## [INFORMATION GIVEN]
◇ ◇ ◇ ◇ ◇

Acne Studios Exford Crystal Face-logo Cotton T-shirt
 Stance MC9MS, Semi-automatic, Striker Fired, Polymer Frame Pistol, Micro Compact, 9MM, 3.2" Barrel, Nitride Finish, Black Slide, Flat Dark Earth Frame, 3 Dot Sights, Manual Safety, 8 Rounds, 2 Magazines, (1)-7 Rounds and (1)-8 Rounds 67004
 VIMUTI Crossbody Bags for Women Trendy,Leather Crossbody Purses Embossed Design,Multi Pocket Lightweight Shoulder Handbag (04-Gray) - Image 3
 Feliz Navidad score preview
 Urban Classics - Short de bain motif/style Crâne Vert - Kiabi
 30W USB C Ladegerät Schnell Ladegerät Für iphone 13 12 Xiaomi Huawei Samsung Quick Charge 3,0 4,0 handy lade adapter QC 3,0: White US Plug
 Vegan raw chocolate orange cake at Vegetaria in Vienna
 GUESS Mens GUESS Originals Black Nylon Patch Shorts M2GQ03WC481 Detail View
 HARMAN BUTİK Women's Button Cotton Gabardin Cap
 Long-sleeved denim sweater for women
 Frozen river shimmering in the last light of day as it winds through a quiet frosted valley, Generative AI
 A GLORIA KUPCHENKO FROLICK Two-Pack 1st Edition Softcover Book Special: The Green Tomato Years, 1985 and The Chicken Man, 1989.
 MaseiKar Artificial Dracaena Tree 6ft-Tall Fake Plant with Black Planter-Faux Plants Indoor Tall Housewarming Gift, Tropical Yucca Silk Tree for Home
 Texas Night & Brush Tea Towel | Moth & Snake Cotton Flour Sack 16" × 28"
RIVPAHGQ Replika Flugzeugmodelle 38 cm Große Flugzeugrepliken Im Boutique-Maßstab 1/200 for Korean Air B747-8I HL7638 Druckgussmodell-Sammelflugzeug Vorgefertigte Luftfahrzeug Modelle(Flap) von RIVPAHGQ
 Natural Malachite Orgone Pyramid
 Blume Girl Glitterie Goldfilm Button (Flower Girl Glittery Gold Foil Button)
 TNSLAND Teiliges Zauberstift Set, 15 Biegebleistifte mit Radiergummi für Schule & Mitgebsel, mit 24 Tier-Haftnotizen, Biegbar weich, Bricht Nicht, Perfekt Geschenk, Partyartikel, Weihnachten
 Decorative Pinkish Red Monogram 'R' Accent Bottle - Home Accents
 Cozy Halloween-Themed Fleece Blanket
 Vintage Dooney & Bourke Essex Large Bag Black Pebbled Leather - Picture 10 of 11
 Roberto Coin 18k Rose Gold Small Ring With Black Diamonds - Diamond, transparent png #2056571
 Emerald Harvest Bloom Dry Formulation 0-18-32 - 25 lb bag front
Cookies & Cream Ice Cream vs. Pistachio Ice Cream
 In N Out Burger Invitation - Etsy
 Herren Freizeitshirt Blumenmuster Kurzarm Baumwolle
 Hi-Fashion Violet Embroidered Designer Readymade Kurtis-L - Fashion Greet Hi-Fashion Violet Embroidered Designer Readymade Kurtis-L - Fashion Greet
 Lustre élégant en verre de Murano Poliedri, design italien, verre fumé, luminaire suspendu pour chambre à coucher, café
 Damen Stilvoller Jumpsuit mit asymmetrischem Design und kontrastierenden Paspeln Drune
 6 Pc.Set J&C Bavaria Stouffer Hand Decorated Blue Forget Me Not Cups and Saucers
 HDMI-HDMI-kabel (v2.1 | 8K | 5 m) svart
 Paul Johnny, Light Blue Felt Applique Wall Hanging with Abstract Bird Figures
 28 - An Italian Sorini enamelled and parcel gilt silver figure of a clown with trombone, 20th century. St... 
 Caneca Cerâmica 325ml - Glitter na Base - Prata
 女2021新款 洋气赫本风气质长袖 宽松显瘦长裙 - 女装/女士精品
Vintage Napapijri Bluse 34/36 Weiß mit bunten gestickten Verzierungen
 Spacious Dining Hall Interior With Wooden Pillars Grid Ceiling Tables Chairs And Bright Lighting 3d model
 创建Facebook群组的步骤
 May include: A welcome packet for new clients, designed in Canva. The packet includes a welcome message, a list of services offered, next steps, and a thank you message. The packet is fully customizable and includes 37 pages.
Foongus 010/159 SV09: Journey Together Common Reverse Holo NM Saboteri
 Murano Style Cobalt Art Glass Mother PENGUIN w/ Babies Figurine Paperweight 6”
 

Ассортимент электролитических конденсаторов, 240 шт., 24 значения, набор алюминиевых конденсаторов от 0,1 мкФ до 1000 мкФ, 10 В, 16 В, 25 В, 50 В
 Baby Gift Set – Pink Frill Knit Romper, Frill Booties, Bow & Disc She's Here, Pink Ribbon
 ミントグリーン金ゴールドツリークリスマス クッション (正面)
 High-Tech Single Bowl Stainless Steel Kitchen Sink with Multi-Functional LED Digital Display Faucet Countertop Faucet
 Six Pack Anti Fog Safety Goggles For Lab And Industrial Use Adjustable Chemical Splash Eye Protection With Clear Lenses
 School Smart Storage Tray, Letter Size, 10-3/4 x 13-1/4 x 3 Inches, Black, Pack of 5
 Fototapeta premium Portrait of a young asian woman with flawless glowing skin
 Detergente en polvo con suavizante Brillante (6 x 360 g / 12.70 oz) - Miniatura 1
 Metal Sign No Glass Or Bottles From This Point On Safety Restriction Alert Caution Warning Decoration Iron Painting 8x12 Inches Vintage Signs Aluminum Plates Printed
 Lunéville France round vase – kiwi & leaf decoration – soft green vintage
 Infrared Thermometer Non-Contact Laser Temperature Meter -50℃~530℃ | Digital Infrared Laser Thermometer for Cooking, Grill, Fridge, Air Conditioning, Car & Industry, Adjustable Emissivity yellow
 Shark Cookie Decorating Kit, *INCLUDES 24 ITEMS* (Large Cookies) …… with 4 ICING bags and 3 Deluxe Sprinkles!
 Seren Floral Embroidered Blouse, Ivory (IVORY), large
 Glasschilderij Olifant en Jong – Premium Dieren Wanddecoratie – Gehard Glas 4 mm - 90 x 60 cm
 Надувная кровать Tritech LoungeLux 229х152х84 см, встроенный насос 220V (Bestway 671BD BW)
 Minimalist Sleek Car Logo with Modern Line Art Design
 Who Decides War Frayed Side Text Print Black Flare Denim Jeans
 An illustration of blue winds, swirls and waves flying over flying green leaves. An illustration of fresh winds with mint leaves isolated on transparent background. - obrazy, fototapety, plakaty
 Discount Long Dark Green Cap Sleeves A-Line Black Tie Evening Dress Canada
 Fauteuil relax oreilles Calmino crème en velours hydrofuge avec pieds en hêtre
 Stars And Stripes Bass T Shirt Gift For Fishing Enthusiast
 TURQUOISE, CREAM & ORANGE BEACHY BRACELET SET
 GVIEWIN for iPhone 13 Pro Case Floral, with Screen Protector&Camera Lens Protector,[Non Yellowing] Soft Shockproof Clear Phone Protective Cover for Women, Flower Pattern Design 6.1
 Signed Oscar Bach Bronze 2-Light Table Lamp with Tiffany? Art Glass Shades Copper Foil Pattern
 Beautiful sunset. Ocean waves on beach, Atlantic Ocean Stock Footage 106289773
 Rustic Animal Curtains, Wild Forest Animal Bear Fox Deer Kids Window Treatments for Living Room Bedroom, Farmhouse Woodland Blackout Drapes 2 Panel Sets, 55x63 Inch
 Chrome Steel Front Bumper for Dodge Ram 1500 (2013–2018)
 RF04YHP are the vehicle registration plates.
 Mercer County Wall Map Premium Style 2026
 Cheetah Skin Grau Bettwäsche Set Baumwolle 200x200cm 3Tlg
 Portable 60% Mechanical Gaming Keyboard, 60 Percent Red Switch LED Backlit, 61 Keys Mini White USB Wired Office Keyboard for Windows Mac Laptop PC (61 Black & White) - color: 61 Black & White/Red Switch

◇ ◇ ◇ ◇ ◇

## [DESCRIPTION OF THE TASK]
Go through the records above and repeat each one exactly.

## [EXERCISE OUTPUT]
Acne Studios Exford Crystal Face-logo Cotton T-shirt
 Stance MC9MS, Semi-automatic, Striker Fired, Polymer Frame Pistol, Micro Compact, 9MM, 3.2" Barrel, Nitride Finish, Black Slide, Flat Dark Earth Frame, 3 Dot Sights, Manual Safety, 8 Rounds, 2 Magazines, (1)-7 Rounds and (1)-8 Rounds 67004
 VIMUTI Crossbody Bags for Women Trendy,Leather Crossbody Purses Embossed Design,Multi Pocket Lightweight Shoulder Handbag (04-Gray) - Image 3
 Feliz Navidad score preview
 Urban Classics - Short de bain motif/style Crâne Vert - Kiabi
 30W USB C Ladegerät Schnell Ladegerät Für iphone 13 12 Xiaomi Huawei Samsung Quick Charge 3,0 4,0 handy lade adapter QC 3,0: White US Plug
 Vegan raw chocolate orange cake at Vegetaria in Vienna
 GUESS Mens GUESS Originals Black Nylon Patch Shorts M2GQ03WC481 Detail View
 HARMAN BUTİK Women's Button Cotton Gabardin Cap
 Long-sleeved denim sweater for women
 Frozen river shimmering in the last light of day as it winds through a quiet frosted valley, Generative AI
 A GLORIA KUPCHENKO FROLICK Two-Pack 1st Edition Softcover Book Special: The Green Tomato Years, 1985 and The Chicken Man, 1989.
 MaseiKar Artificial Dracaena Tree 6ft-Tall Fake Plant with Black Planter-Faux Plants Indoor Tall Housewarming Gift, Tropical Yucca Silk Tree for Home
 Texas Night & Brush Tea Towel | Moth & Snake Cotton Flour Sack 16" × 28"
RIVPAHGQ Replika Flugzeugmodelle 38 cm Große Flugzeugrepliken Im Boutique-Maßstab 1/200 for Korean Air B747-8I HL7638 Druckgussmodell-Sammelflugzeug Vorgefertigte Luftfahrzeug Modelle(Flap) von RIVPAHGQ
 Natural Malachite Orgone Pyramid
 Blume Girl Glitterie Goldfilm Button (Flower Girl Glittery Gold Foil Button)
 TNSLAND Teiliges Zauberstift Set, 15 Biegebleistifte mit Radiergummi für Schule & Mitgebsel, mit 24 Tier-Haftnotizen, Biegbar weich, Bricht Nicht, Perfekt Geschenk, Partyartikel, Weihnachten
 Decorative Pinkish Red Monogram 'R' Accent Bottle - Home Accents
 Cozy Halloween-Themed Fleece Blanket
 Vintage Dooney & Bourke Essex Large Bag Black Pebbled Leather - Picture 10 of 11
 Roberto Coin 18k Rose Gold Small Ring With Black Diamonds - Diamond, transparent png #2056571
 Emerald Harvest Bloom Dry Formulation 0-18-32 - 25 lb bag front
Cookies & Cream Ice Cream vs. Pistachio Ice Cream
 In N Out Burger Invitation - Etsy
 Herren Freizeitshirt Blumenmuster Kurzarm Baumwolle
 Hi-Fashion Violet Embroidered Designer Readymade Kurtis-L - Fashion Greet Hi-Fashion Violet Embroidered Designer Readymade Kurtis-L - Fashion Greet
 Lustre élégant en verre de Murano Poliedri, design italien, verre fumé, luminaire suspendu pour chambre à coucher, café
 Damen Stilvoller Jumpsuit mit asymmetrischem Design und kontrastierenden Paspeln Drune
 6 Pc.Set J&C Bavaria Stouffer Hand Decorated Blue Forget Me Not Cups and Saucers
 HDMI-HDMI-kabel (v2.1 | 8K | 5 m) svart
 Paul Johnny, Light Blue Felt Applique Wall Hanging with Abstract Bird Figures
 28 - An Italian Sorini enamelled and parcel gilt silver figure of a clown with trombone, 20th century. St... 
 Caneca Cerâmica 325ml - Glitter na Base - Prata
 女2021新款 洋气赫本风气质长袖 宽松显瘦长裙 - 女装/女士精品
Vintage Napapijri Bluse 34/36 Weiß mit bunten gestickten Verzierungen
 Spacious Dining Hall Interior With Wooden Pillars Grid Ceiling Tables Chairs And Bright Lighting 3d model
 创建Facebook群组的步骤
 May include: A welcome packet for new clients, designed in Canva. The packet includes a welcome message, a list of services offered, next steps, and a thank you message. The packet is fully customizable and includes 37 pages.
Foongus 010/159 SV09: Journey Together Common Reverse Holo NM Saboteri
 Murano Style Cobalt Art Glass Mother PENGUIN w/ Babies Figurine Paperweight 6”
 

Ассортимент электролитических конденсаторов, 240 шт., 24 значения, набор алюминиевых конденсаторов от 0,1 мкФ до 1000 мкФ, 10 В, 16 В, 25 В, 50 В
 Baby Gift Set – Pink Frill Knit Romper, Frill Booties, Bow & Disc She's Here, Pink Ribbon
 ミントグリーン金ゴールドツリークリスマス クッション (正面)
 High-Tech Single Bowl Stainless Steel Kitchen Sink with Multi-Functional LED Digital Display Faucet Countertop Faucet
 Six Pack Anti Fog Safety Goggles For Lab And Industrial Use Adjustable Chemical Splash Eye Protection With Clear Lenses
 School Smart Storage Tray, Letter Size, 10-3/4 x 13-1/4 x 3 Inches, Black, Pack of 5
 Fototapeta premium Portrait of a young asian woman with flawless glowing skin
 Detergente en polvo con suavizante Brillante (6 x 360 g / 12.70 oz) - Miniatura 1
 Metal Sign No Glass Or Bottles From This Point On Safety Restriction Alert Caution Warning Decoration Iron Painting 8x12 Inches Vintage Signs Aluminum Plates Printed
 Lunéville France round vase – kiwi & leaf decoration – soft green vintage
 Infrared Thermometer Non-Contact Laser Temperature Meter -50℃~530℃ | Digital Infrared Laser Thermometer for Cooking, Grill, Fridge, Air Conditioning, Car & Industry, Adjustable Emissivity yellow
 Shark Cookie Decorating Kit, *INCLUDES 24 ITEMS* (Large Cookies) …… with 4 ICING bags and 3 Deluxe Sprinkles!
 Seren Floral Embroidered Blouse, Ivory (IVORY), large
 Glasschilderij Olifant en Jong – Premium Dieren Wanddecoratie – Gehard Glas 4 mm - 90 x 60 cm
 Надувная кровать Tritech LoungeLux 229х152х84 см, встроенный насос 220V (Bestway 671BD BW)
 Minimalist Sleek Car Logo with Modern Line Art Design
 Who Decides War Frayed Side Text Print Black Flare Denim Jeans
 An illustration of blue winds, swirls and waves flying over flying green leaves. An illustration of fresh winds with mint leaves isolated on transparent background. - obrazy, fototapety, plakaty
 Discount Long Dark Green Cap Sleeves A-Line Black Tie Evening Dress Canada
 Fauteuil relax oreilles Calmino crème en velours hydrofuge avec pieds en hêtre
 Stars And Stripes Bass T Shirt Gift For Fishing Enthusiast
 TURQUOISE, CREAM & ORANGE BEACHY BRACELET SET
 GVIEWIN for iPhone 13 Pro Case Floral, with Screen Protector&Camera Lens Protector,[Non Yellowing] Soft Shockproof Clear Phone Protective Cover for Women, Flower Pattern Design 6.1
 Signed Oscar Bach Bronze 2-Light Table Lamp with Tiffany? Art Glass Shades Copper Foil Pattern
 Beautiful sunset. Ocean waves on beach, Atlantic Ocean Stock Footage 106289773
 Rustic Animal Curtains, Wild Forest Animal Bear Fox Deer Kids Window Treatments for Living Room Bedroom, Farmhouse Woodland Blackout Drapes 2 Panel Sets, 55x63 Inch
 Chrome Steel Front Bumper for Dodge Ram 1500 (2013–2018)
 RF04YHP are the vehicle registration plates.
 Mercer County Wall Map Premium Style 2026
 Cheetah Skin Grau Bettwäsche Set Baumwolle 200x200cm 3Tlg
 Portable 60% Mechanical Gaming Keyboard, 60 Percent Red Switch LED Backlit, 61 Keys Mini White USB Wired Office Keyboard for Windows Mac Laptop PC (61 Black & White) - color: 61 Black & White/Red Switch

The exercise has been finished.